Food miles is bullshit
I’ve posted this before in various venues but I thought it was worth a revisit:
So there’s been a lot of talk in the last few years of “food miles”, eating locally and 100 mile diets. Some of the supposed benifits of eating locally is that you become more in tune with the seasons, you support your local community, you eat fresher food and just general all round feel goodness. Now all of these are valid claims and I am not disputing any of them. But the chief claim that the “food mile” movement is making is that eating locally helps the environment through lowering the use of oil. On the face of it, this sounds fairly intuitive but I wasn’t convinced so I decided to dig a bit further and try and answer the question does the choice to eat locally decrease the amount of carbon emitted and it seems like the answer is no.
This graph shows the Ton-Miles per Gallon for Truck, Rail and Barge shipping. Ocean shipping is roughly twice as efficient as inland barges so lets call it 1000 Ton-Miles per Gallon.
Now assume that the typical surburban family drives a 25 Miles Per Gallon vehicle, lives 2.5 miles from their nearest supermarket and buys 20 pounds of groceries in the average shopping trip. So on one round trip, they will travel 5 miles and use 0.2 gallons of petrol to transport 0.01 tons of groceries. A container ship could move that 0.01 tons of groceries 20,000 miles for the same amount of fuel. You could move that 20 pounds of groceries all the way around the world by ship for the same amount of fuel as it takes for you to go to the store and back. If you buy 40 pounds of groceries rather than 20, then it’s a half way around the world. If you live 5 miles instead of 2.5 miles, then it’s twice around the world. If you drive a SUV which gets 12.5MPG and you live 5 miles away, then it’s four time around the world. You can fiddle around with the numbers all you like but the conclusion seems inescapable, where your food comes from is less significant than how you choose to get it.

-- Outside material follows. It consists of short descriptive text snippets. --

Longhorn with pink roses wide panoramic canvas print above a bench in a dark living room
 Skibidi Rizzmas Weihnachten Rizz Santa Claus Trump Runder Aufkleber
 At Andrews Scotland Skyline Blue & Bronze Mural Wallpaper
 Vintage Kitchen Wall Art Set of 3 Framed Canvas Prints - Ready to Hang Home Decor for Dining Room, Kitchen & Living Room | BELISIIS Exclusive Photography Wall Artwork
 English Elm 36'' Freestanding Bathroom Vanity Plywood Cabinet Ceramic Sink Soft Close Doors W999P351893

The math is even more disturbing when you look at exactly what eating locally actually means. For most people, that means buying as much of your food as possible from farmers markets. However, you can’t get everything from farmers markets so it’s likely that you need to still make the same amount of trips to the supermarket to get all of the other stuff you need. Your trips to the farmers markets then become an added fuel expenditure on top of your existing supermarket trips. In addition, farmers markets are usually further away that supermarkets, just by virtue of there are less of them so thats an even bigger fuel cost.
How the goods get from the farm to the market is also an important consideration. Your typical farmers market has many small farmers from within a 100 mile or so radius individually shipping in small amounts of good via cars and small trucks. Again, far less efficient than massive containerized shipping and trucking.
Now, does this on the face of it means that eating locally is crap? Of course not, all of the previous reasons to do with freshness, seasonality and supporting local farmers are still valid. But what is total crap is the idea that somehow eating locally is good for the environment through the decrease in carbon emissions from shipping. While the idea has immediate intuitive appeal, if you peer at the actual numbers, the reality is that modern containerized shipping and distribution has become so efficient that it’s only really the last few miles that are important.